中間時代には何が起こったの?旧約と新約の間には何が起こったの?



 

質問: 中間時代には何が起こったの?旧約と新約の間には何が起こったの?

答え:
旧約聖書が最後に書かれてからキリストが現れるまでの時間を「中間時代」と呼びます。この期間に神様からの預言が下らなかったので「空白の四百年」と呼ばれる事もあります。この四百年でパレスチナ地方の政治的、宗教的、社会的環境は大きく変わりました。多く起こった変化ですが、ダニエル書ですでに預言されている事でした(ダニエル2、7、8、11章参照)。

紀元前532-332年までイスラエルはペルシャ帝国に支配されていました。ペルシャ帝国はユダヤ人が自らの宗教行為を行う事をある程度は許していました。神殿を再建し、そこで礼拝する事すらも許されていたほどです(第二列王記36章22-23節;エズラ1章1-4節)。この再建の時期は旧約時代最後の百年と中間時代最初の百年が含まれていました。この一見平和な時期は嵐の前の静けさでしかなかったのです。

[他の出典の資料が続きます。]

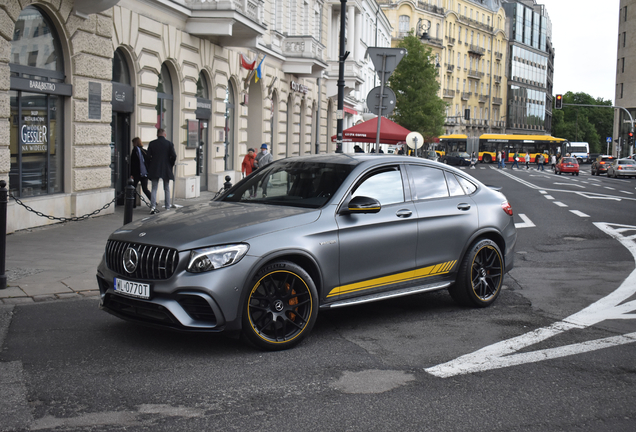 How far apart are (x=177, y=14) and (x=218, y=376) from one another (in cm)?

アレクサンドロス三世がペルシャのダリウス王を打ち負かし、ギリシャを世界的な王国としました。アレクサンドロスはアリストテレスの下で学び、ギリシャ哲学と政治の教養があり、征服した国々でギリシャ文化を広める事を命令しました。その結果、元々へブル語で書かれた旧約聖書はギリシャ語に翻訳され、七十人訳と呼ばれるようになりました。新約聖書で旧約の箇所が引用されるときは大抵七十人訳からの引用です。アレクサンドロスはギリシャ的生活を強く要求しながらもユダヤ人の宗教の自由を認めていました。しかし世俗的、人間中心的で神を恐れないギリシャ文化に影響されることは決して良い事ではありませんでした。

アレクサンドロス三世の死後、ユダヤ地方は何人もの後続者に支配されました。特にアンティオコス四世エピファネスはユダヤ人の宗教の自由を認めないだけでなく、紀元前167年には

祭司達を除き、汚れている動物達や非ユダヤ教の祭壇などを持ち込んで神殿を汚しました(マルコ13章14節参照)。これは強姦にまでも値するほどの行動でした。やがてユダヤ人たちのアンティオコスに対する反乱が起こり、正しい祭司達が取り戻されて神殿を救いました。そしてその後の時代は戦争、暴虐と内戦に満ちたものでした。

紀元前63年ごろ、グナエウス・ポンペイウスがパレスチナ地方を征服し、ユダヤ地方の全てはカイザルの支配化に置かれました。結果ヘロデがローマ皇帝と議会によってユダヤ地方の王にされました。これがユダヤ人に税金を課し、ユダヤ人を支配して、後にイエスキリストをローマの十字架で処刑した国です。こうしてローマ、ギリシャとヘブル文化がユダヤ地方で混ざったのです。

ギリシャとローマの支配下に置かれていた時代に大事な政治的、また宗教的団体がパレスチナ地方で生まれました。パリサイ人達はモーセの律法に口承の決まりごとを加え、のちのち自らの決まり事を神様の律法よりも大切な物としてしまったのです(マルコ7書1-23節)。キリストの教えはパリサイ人達のそれと一致していたことはしばしばありましたが、空しい、戒律主義的な教えとあわれみが欠けている彼らをイエス様はとがめたのです。またサドカイ人達は貴族や裕福な人々で、最高議会を通して力を持っていた団体で、モーセ五書以外の旧約聖書の全てを否認しました。彼らはよみがえりを信じず、一般的に、彼らの慕っていたギリシャの影でした。

キリストが来られる前にめまぐるしく起こったこれらの出来事は、ユダヤ人達に大きな影響を与えました。ユダヤ人達もその他の異邦人たちも宗教に不満を持ち始めていました。異邦人は多神論に疑問を抱き、ローマ人やギリシャ人は自らの神話よりもギリシャ語やラテン語で読めるようになった旧約聖書の物語に興味を持ち始めていました。一方ユダヤ人たちは征服され、しいたげられて意気消沈していました。彼らの希望も信仰も尽きる寸前だったのです。そんな彼らを救う事ができるのはメシヤしかいないと信じたのです。

新約聖書はどのようにしてユダヤ人だけでなく、全世界に希望がもたらされたかを物語っています。キリストが預言を成就した事はイエスを求めた人々には明確でした。いかにイエス様がその時代の人々にメシヤとして受け入れられたかが、ローマの百人隊長、東方の博士達やパリサイ人ニコデモの物語を通してわかります。こうして四百年にも渡った沈黙は、世界で一番素晴らしい物語、イエス.キリストの福音によって破られたのです。